## WHAT THIS TASK INVOLVES
Beginning at the line that contains "People pass by", repeat every line of the listing exactly through the final one.

## SOURCE DATA
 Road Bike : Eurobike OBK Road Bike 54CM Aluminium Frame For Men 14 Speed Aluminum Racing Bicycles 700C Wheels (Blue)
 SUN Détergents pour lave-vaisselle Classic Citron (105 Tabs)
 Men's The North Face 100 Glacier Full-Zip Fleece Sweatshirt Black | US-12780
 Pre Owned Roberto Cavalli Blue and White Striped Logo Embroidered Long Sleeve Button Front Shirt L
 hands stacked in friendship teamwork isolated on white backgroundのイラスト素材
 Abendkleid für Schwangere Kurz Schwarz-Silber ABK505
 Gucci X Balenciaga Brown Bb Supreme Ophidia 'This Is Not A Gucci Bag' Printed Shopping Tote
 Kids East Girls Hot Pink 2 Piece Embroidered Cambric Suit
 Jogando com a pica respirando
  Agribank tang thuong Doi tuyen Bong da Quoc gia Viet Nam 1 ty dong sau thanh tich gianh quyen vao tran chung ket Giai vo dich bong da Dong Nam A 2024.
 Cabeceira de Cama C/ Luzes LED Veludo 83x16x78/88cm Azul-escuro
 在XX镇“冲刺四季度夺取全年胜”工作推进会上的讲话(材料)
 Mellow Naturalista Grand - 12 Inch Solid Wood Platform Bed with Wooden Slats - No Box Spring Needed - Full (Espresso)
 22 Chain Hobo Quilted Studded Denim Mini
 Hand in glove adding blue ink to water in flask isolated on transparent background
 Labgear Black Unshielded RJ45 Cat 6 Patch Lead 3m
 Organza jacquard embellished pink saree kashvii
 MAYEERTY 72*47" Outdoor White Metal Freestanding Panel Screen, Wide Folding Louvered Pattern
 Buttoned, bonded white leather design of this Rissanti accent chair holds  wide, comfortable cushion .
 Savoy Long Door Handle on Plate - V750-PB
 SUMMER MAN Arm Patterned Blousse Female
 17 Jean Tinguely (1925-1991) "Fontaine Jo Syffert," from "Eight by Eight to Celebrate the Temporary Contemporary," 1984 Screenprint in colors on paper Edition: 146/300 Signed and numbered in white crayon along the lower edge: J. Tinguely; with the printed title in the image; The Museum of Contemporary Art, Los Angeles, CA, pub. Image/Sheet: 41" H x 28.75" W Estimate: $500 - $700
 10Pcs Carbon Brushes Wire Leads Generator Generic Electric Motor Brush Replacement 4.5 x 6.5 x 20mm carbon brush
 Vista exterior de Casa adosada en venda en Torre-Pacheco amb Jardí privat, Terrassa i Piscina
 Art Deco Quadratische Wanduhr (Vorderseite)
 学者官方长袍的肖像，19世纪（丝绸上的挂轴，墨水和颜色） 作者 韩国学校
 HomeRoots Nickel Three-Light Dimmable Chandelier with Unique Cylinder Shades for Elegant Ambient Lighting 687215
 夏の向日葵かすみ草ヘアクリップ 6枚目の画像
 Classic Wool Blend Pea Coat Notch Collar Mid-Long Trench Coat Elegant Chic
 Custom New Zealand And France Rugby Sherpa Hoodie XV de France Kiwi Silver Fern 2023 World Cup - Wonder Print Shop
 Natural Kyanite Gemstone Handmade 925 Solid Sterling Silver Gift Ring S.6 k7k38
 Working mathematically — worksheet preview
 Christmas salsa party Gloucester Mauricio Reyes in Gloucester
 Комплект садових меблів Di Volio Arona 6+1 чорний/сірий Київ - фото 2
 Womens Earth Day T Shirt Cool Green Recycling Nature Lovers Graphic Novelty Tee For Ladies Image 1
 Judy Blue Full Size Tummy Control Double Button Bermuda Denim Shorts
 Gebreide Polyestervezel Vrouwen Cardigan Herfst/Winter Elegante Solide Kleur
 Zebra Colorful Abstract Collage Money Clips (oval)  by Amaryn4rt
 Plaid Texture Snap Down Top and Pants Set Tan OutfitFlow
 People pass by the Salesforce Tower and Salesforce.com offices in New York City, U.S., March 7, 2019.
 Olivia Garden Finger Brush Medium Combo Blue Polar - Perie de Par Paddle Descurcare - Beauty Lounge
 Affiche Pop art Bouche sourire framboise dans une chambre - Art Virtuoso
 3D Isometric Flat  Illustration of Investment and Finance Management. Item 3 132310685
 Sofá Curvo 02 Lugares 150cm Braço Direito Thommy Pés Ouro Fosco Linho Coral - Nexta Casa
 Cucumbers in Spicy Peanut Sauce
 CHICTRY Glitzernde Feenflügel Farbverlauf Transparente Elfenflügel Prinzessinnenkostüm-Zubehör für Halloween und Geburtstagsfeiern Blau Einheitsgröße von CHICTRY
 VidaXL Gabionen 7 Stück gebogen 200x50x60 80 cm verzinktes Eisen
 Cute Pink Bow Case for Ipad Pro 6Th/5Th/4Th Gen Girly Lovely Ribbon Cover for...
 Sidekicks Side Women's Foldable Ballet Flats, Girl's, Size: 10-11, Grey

## RESULT OF THIS TASK
 People pass by the Salesforce Tower and Salesforce.com offices in New York City, U.S., March 7, 2019.
 Olivia Garden Finger Brush Medium Combo Blue Polar - Perie de Par Paddle Descurcare - Beauty Lounge
 Affiche Pop art Bouche sourire framboise dans une chambre - Art Virtuoso
 3D Isometric Flat  Illustration of Investment and Finance Management. Item 3 132310685
 Sofá Curvo 02 Lugares 150cm Braço Direito Thommy Pés Ouro Fosco Linho Coral - Nexta Casa
 Cucumbers in Spicy Peanut Sauce
 CHICTRY Glitzernde Feenflügel Farbverlauf Transparente Elfenflügel Prinzessinnenkostüm-Zubehör für Halloween und Geburtstagsfeiern Blau Einheitsgröße von CHICTRY
 VidaXL Gabionen 7 Stück gebogen 200x50x60 80 cm verzinktes Eisen
 Cute Pink Bow Case for Ipad Pro 6Th/5Th/4Th Gen Girly Lovely Ribbon Cover for...
 Sidekicks Side Women's Foldable Ballet Flats, Girl's, Size: 10-11, Grey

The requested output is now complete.